Scientists recently returned from an expedition to an unusual seafloor mountain, where they conducted what may be the first-ever on-site study of a type of rock that makes up a huge amount of our planet, but is largely out of reach.
Researchers aboard the research vessel JOIDES Resolution sent instruments to the Atlantis Massif, a seamount that lies near the Mid-Atlantic Ridge, a long volcanic rift bisecting the Atlantic Ocean, where two tectonic plates are being slowly shoved apart and fresh oceanic crust is created. (Seamounts are essentially a mountain that doesn't rise above the ocean's surface.)
Unlike most seamounts, which are typically made of volcanic rock, geological forces essentially yanked the Atlantis Massif from the Earth's gabbroic layer — the deepest layer of the Earth's crust, which rests directly on the planet's ever-shifting mantle.
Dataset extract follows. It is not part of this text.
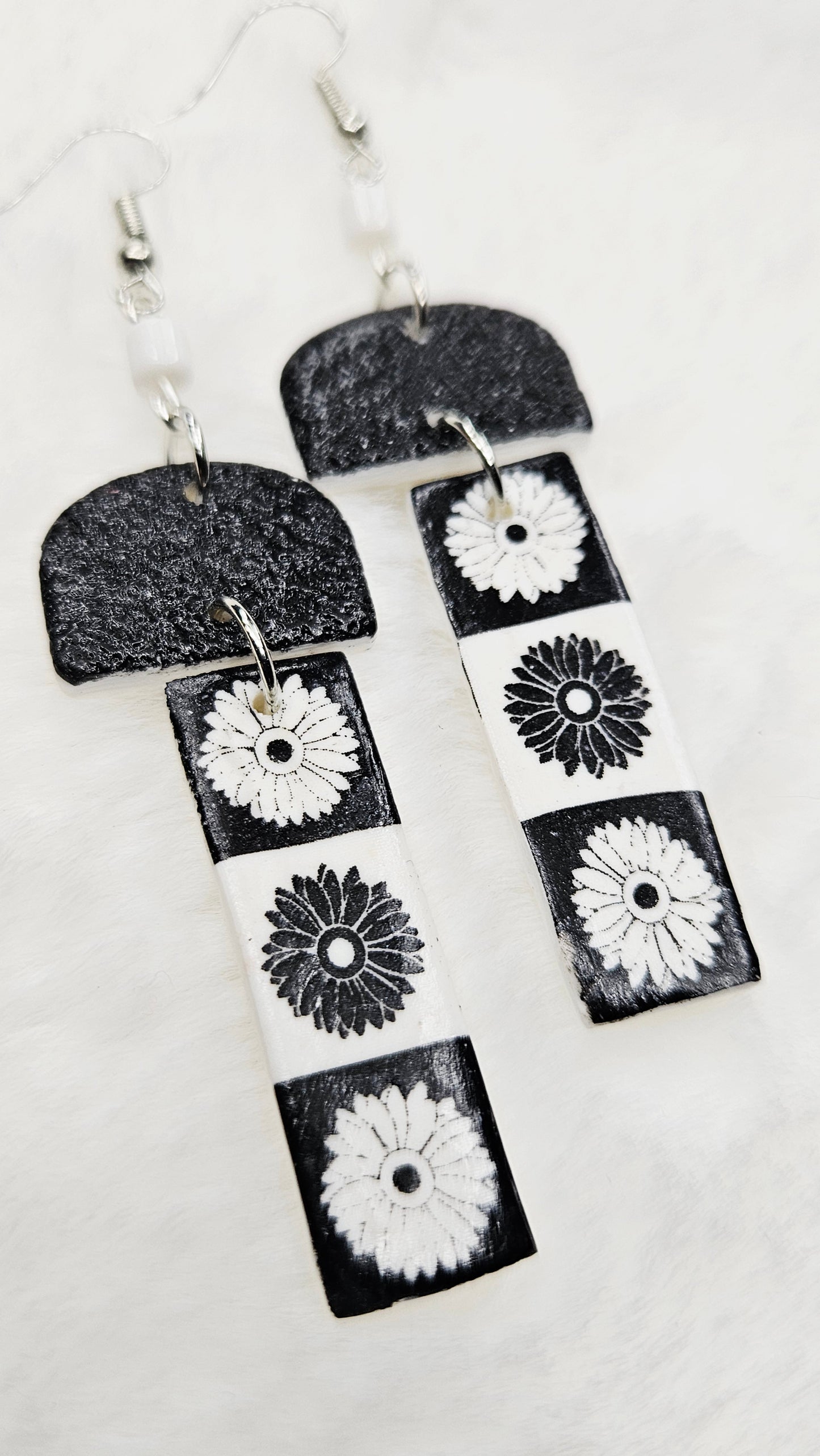 Monochrome Floral Print Clay Earrings with Black or White Arches - 3"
Even though the dense, greenish rock constitutes the greatest volume of the ocean's crust, it has rarely been studied because it's so difficult to reach.
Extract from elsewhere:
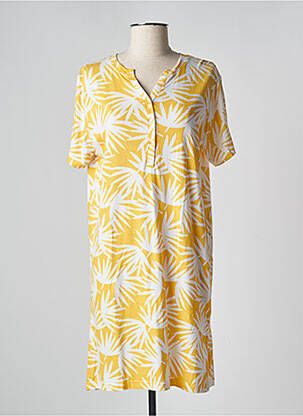 Robe mi-longue imprimé fantaisie manches courtes jaune ADMAS femme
However, the Atlantis Massif has thrust the elusive rock within reach of drill-equipped ships, and the recent expedition simply used existing boreholes in the seamount to make their measurements.
A team of researchers lowered instruments to depths between 2,600 and 4,600 feet (800 and 1,400 meters) below the seafloor, and took data on temperature and the way that seismic waves — essentially, sound waves — move through two different types of gabbroic rock.
Getting an up-close portrait of the rocks' properties will allow scientists to better understand what they see when looking at data from future seismic surveys of geological structures buried deep below the seafloor.
"This is exciting because it means that we may be able to use seismic survey data to infer the pattern of seawater circulation within the deeper crust," co-chief scientist Donna Blackman, of the Scripps Institution of Oceanography in La Jolla, Calif., said in a statement.
"This would be a key step for quantifying rates and volumes of chemical, possibly biological, exchange between the oceans and the crust," she said.
The expedition was sponsored by the National Science Foundation and the Japanese government.